The ESCB believes that it should be made clear that the tool could only be used for the future and follow the solution adopted in the context of the FSB. It is essential, however, that the write-down tool has a clearly (ex ante) defined legal framework, including transparent trigger conditions, in order to avoid legal uncertainty and market distortion. In this respect the bail in should not allow for discrimination among equally ranked creditors, in the sense of treating them differently without building this differentiation on objectively justified grounds, as this would conflict with the general principle of equal treatment and create legal uncertainty about the extent of creditor rights.
At present, the concrete ability of bail-in to achieve its stated purposes without unwarranted side-effects is hard to assess. The ESCB emphasizes the need to conduct accurate and detailed case studies that would shed light into the practical implications of bail-in. Realistic simulations are necessary to deliver a clear view on issues such as the feasibility of a rapid execution, the ability to respect the seniority waterfall in loss absorbency, the mechanics of conversion/write-down, etc.
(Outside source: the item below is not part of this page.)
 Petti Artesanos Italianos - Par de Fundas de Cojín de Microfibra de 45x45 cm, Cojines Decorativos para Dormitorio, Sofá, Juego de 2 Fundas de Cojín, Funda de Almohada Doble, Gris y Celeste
From a central banking perspective, further analysis is warranted for the financial stability implications raised by a large scale introduction of this approach. This instrument could prove crucial, within the risk management and resolution toolkit, in successfully avoiding externalities and spillover effects linked to the liquidation option under distressed market conditions. As such, it could contribute to the safeguard of financial stability. However, the innovative character of bail-inable debt raises potential significant risks, including concerns that its design and triggers may have destabilising effects on the financial sector (e.g. risks of higher market segmentation, debt fire-sales, and contagion effects). The FSB-sponsored work on the bail-in related issues is fully supported by the ESCB.
(v) Derogations from shareholder rights under the EU company law directives
The ESCB considers that a number of EU company law related directives, particularly the 2nd Company law, Takeover bids and Shareholder rights directives contain certain shareholder rights provisions which are obstructive to efficient bank restructuring. The EU framework on bank recovery and resolution should include a set of derogations from these shareholder rights for credit institutions, which are undergoing restructuring.